Global Economics

The Director of Money for Nothing Reveals Not Quite All


Alan Greenspan, former Chairman of the Federal Reserve, in a scene from the documentary Money For Nothing: Inside The Federal Reserve

Photograph by Britt Leckman; Courtesy Liberty Street Films

Alan Greenspan, former Chairman of the Federal Reserve, in a scene from the documentary Money For Nothing: Inside The Federal Reserve

I just interviewed Jim Bruce, the writer and director of Money for Nothing, a harshly critical documentary on the Federal Reserve that premieres in New York and Washington today. Judging from the early screening I got, it’s safe to say that Alan Greenspan and Ben Bernanke won’t be lining up outside the E Street Cinema to get the best seats in the house. The Fed comes across as a serial bubble-blower that helps Wall Street at the expense of Main Street. It’s a familiar but expertly made accusation that features interviews with a couple of dozen VIPs—including Fed Vice Chair Janet Yellen, who may become chairman next year.

Money for Nothing uses all the tricks of financial crisis documentaries: Ominous music, aerial shots of Manhattan, archival clips of a frothing Jim Cramer, and a voice-of-God narrator—in this case, the ultrasmooth Liev Schreiber.
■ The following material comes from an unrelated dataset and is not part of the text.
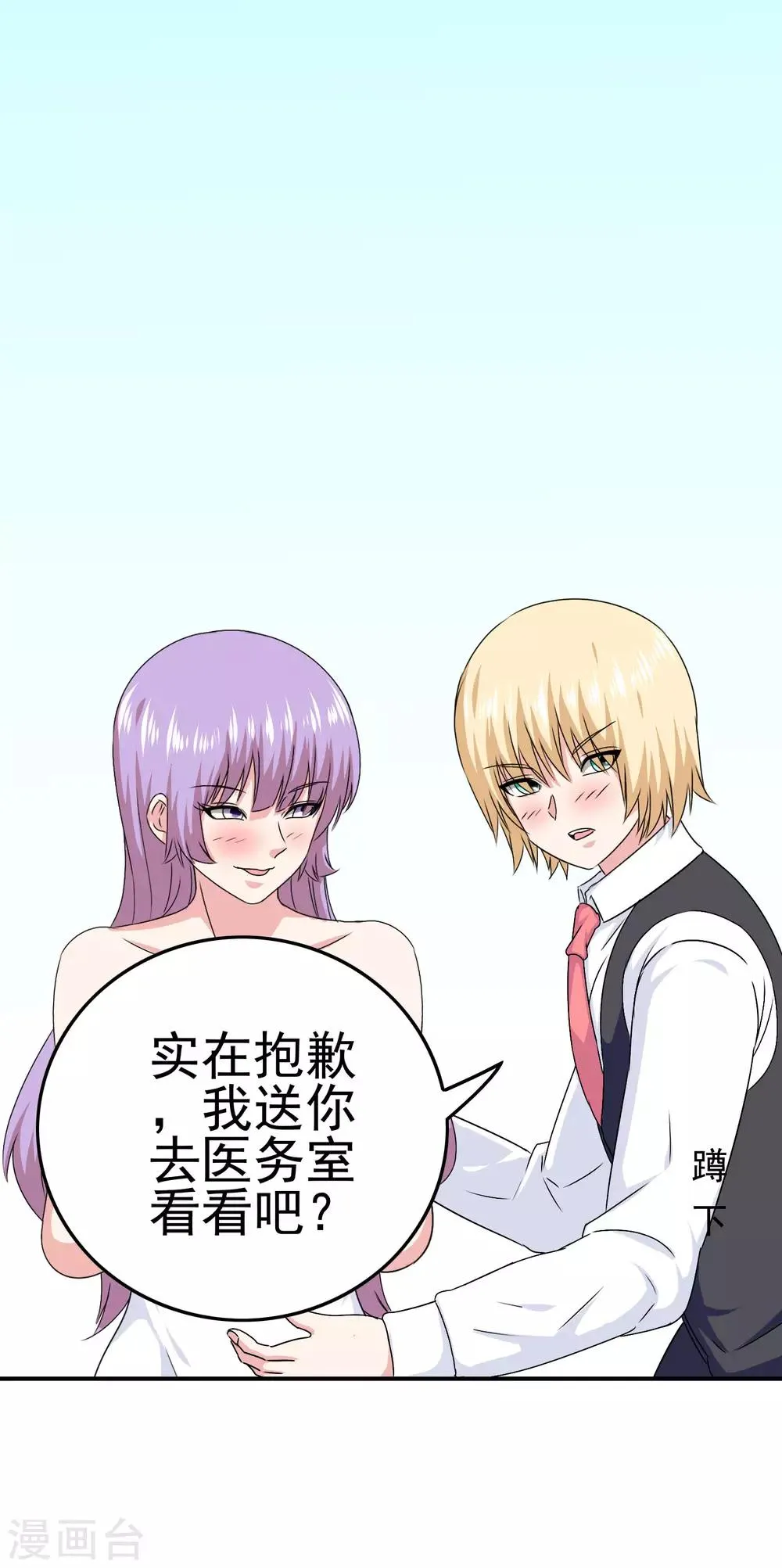 第42话 苦难的洛亚 第27页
In fact (shameless plug alert), it looks superficially a bit like Bloomberg Businessweek’s own movie, HANK: Five Years from the Brink, which is available on Netflix starting Sept. 16.

Inevitably, Money for Nothing will get sucked into the debate over whether the Fed should announce on Sept. 18 that it’s going to start tapering its $85 billion-a-month purchases of Treasury bonds and mortgage-backed securities. I asked Bruce what he had to say about that. (Everyone else has weighed in—why not a filmmaker?) Yes, he said, the Fed should start backing down from quantitative easing. “The Fed sort of promised things they shouldn’t have,” he said. “They’ve set themselves up for a fall. It’ll be painful, but to me, I think, the sooner the better.”
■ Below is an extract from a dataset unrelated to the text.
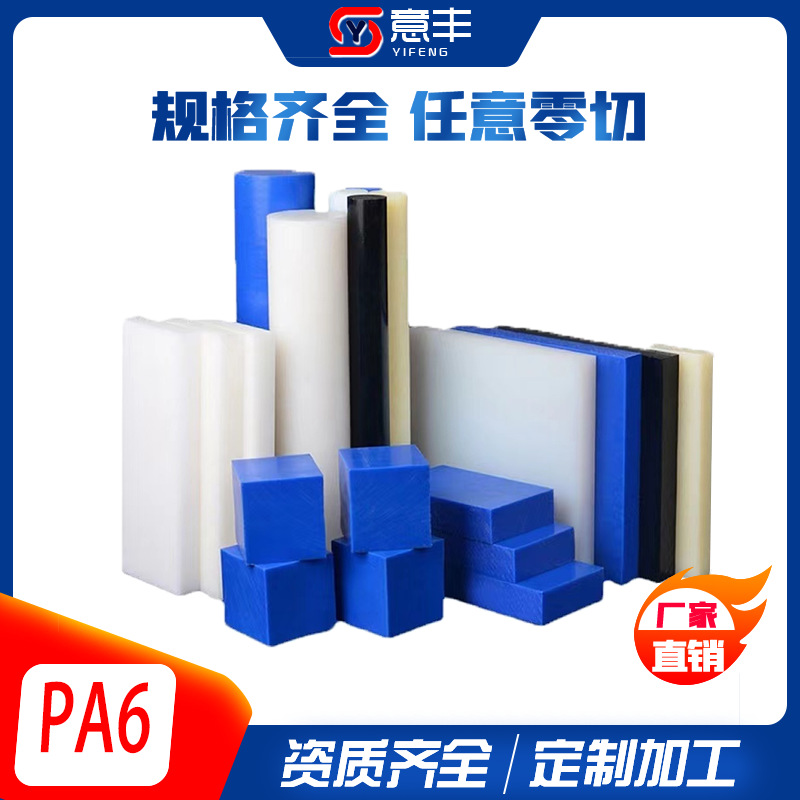 厂家直供本色尼龙板工程垫板 耐磨 耐老化 可任意加工 PA66纯新料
I asked Bruce if he supports shutting down the Federal Reserve on the eve of its 100th birthday and going back to the gold standard. After all, a clip of a Ron Paul rally appears toward the end, and Jim Grant, a writer who favors the gold standard, has some of the movie’s best zingers. “It’s definitely not an end-the-Fed movie,” Bruce said. “What Ron Paul represents is lack of trust in the Fed. We’re trying to walk a very fine line in the film. There’s some decent part of the population that agrees with Ron Paul. We sort of had to have his voice in there. To me, it’s a cautionary message for the Fed: ‘If we keep reaching to do these things that we really can’t do, we’re going to lose people’s trust.’”

One reason the Fed is taking such extreme measures is to offset tight fiscal policy by Congress. The shrinkage of the federal budget deficit, while essential in the long run, is subtracting from the economy’s current growth rate. That point isn’t made in the film. I asked Bruce about it. “I definitely agree with Ben Bernanke and sympathize with him when he says Congress isn’t doing its part. My take is that congressional spending is extremely poorly targeted and Congress could do so much more.” Bruce just doesn’t think quantitative easing is the right response.
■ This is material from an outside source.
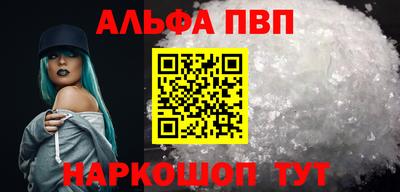 гашик Ипатово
The movie creates an impression of more unanimity than actually exists among the experts who appear on camera. Alan Blinder, a former Fed vice chairman, and Janet Yellen, who has that job now, come across as part of the crew that’s critical of the Fed even though both support the central bank’s current easy-money policies. Why? I asked. Part of it is the need for a simple, clear message, Bruce responded. “There’s all these different voices, and you can’t sync all their viewpoints,” he said. He said he thinks Yellen does agree with the movie’s warnings against letting bubbles get too big, although he admits she probably has a different idea of how big a bubble is too big.

My last question to Bruce was about why few defenders of current Fed policy appear in the film. He said Paul Krugman—who has his own beefs with the Fed—had agreed to appear, but “we couldn’t get the scheduling to work. He would have been an interesting voice in the work, absolutely.” Eric Rosengren, the president of the Federal Reserve Bank of Boston, was interviewed but was left on the cutting-room floor. Two reasons for that, Bruce said. First, “the subject matter is so complicated that you almost need for people not to be totally confused. People would just be left scratching their heads” if they had to wade through disagreements among interviewees. Second, he said, Rosengren’s views “were so similar to Bernanke’s that I felt like it was almost redundant.”

Bruce gets the last word: “People hear the conventional wisdom coming from the chairman and very little else. I felt like, to my mind, conventional wisdom really failed. I’m making this film because I feel like conventional wisdom is going to fail us again.”